◆ **SOURCE INFORMATION**
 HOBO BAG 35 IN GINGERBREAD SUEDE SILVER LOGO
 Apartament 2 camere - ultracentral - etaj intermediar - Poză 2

...

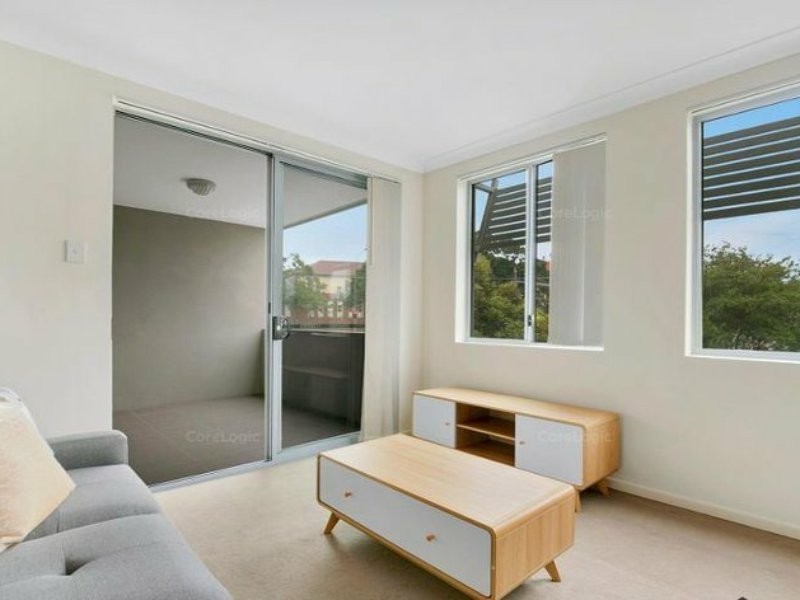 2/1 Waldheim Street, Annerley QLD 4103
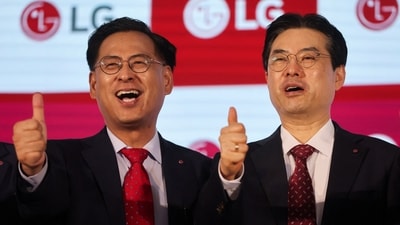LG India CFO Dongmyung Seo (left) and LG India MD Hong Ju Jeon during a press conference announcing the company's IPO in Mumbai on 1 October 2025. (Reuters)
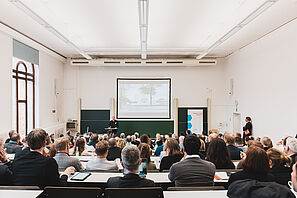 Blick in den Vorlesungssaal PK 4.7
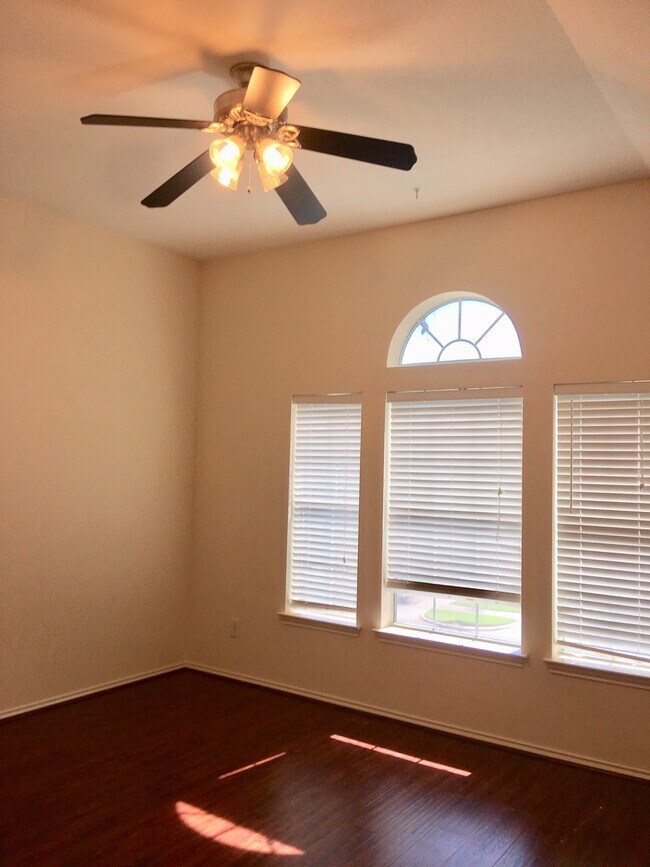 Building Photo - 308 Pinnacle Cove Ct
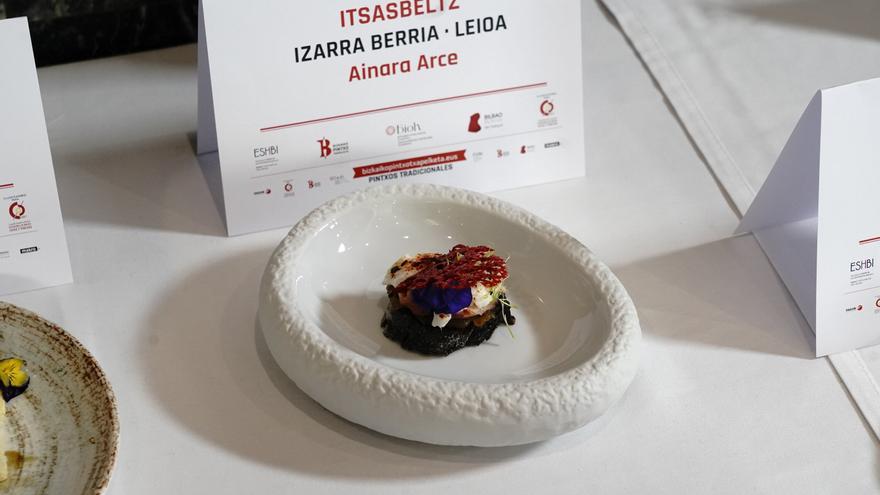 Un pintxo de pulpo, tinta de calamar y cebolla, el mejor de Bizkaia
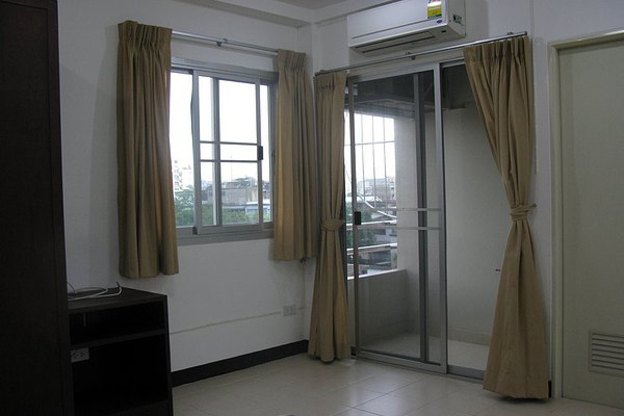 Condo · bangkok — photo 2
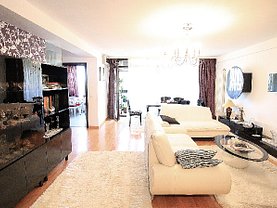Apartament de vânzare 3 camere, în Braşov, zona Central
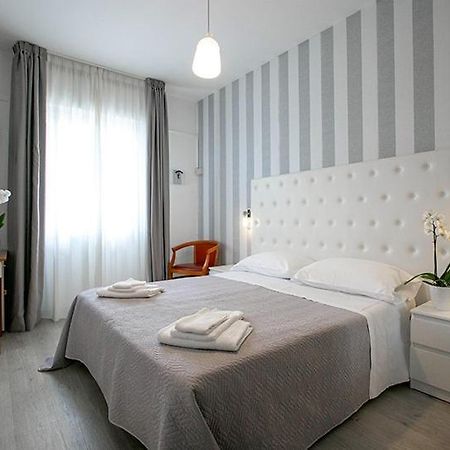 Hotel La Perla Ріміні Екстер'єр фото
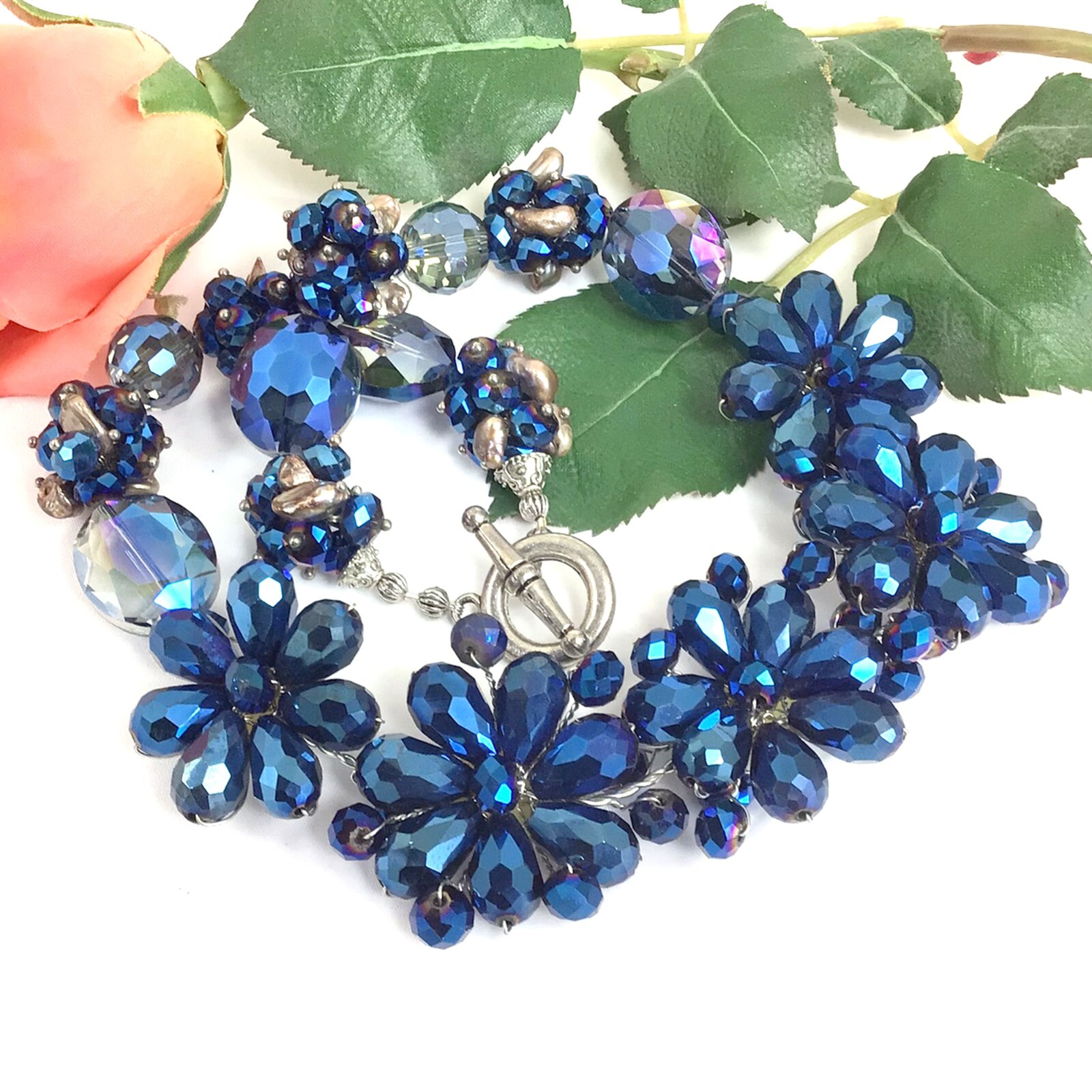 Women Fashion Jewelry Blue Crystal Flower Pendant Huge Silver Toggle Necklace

--

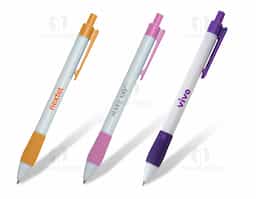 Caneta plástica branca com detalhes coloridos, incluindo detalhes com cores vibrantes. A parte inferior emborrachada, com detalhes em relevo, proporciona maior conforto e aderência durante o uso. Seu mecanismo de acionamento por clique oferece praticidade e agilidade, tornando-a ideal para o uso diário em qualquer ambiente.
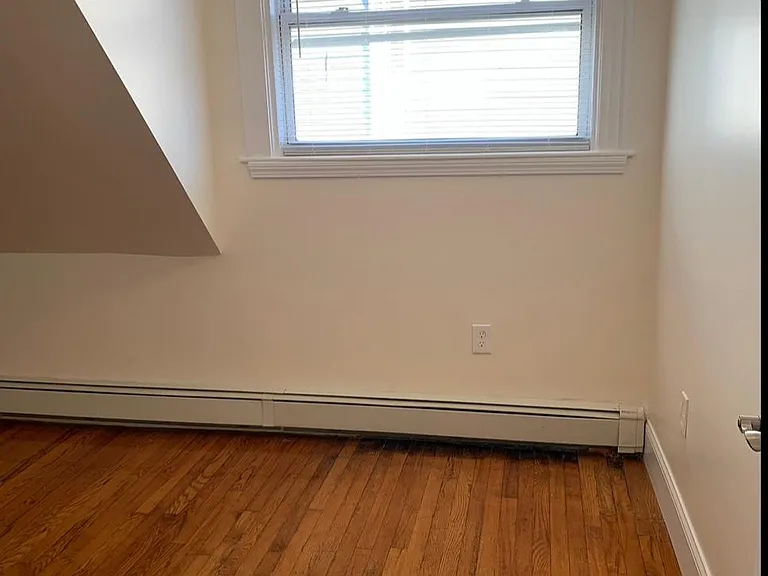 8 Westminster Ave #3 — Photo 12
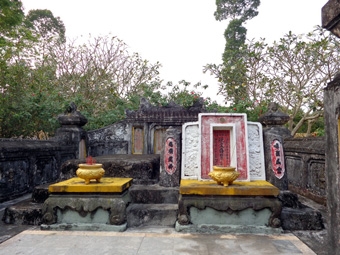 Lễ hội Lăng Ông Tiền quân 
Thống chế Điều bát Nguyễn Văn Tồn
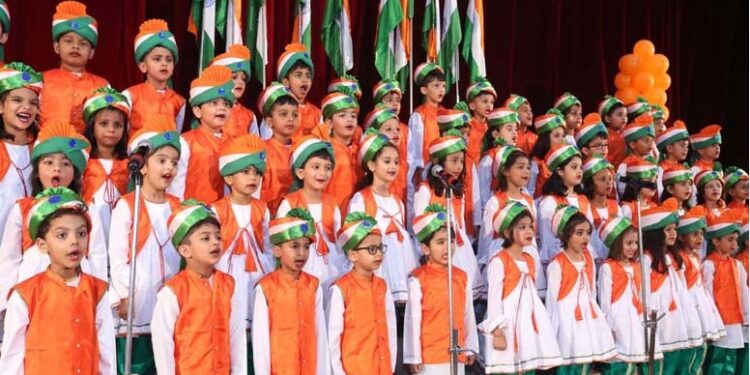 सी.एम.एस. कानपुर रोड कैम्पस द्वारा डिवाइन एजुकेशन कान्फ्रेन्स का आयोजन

◆ **PROBLEM**
Write out the lines above from the one with "2/1 Waldheim Street, Annerley QLD 4103" through the one with "Women Fashion Jewelry", ends included, exactly; no picture goes in.

◆ **TASK RESULT**
 2/1 Waldheim Street, Annerley QLD 4103
LG India CFO Dongmyung Seo (left) and LG India MD Hong Ju Jeon during a press conference announcing the company's IPO in Mumbai on 1 October 2025. (Reuters)
 Blick in den Vorlesungssaal PK 4.7
 Building Photo - 308 Pinnacle Cove Ct
 Un pintxo de pulpo, tinta de calamar y cebolla, el mejor de Bizkaia
 Condo · bangkok — photo 2
Apartament de vânzare 3 camere, în Braşov, zona Central
 Hotel La Perla Ріміні Екстер'єр фото
 Women Fashion Jewelry Blue Crystal Flower Pendant Huge Silver Toggle Necklace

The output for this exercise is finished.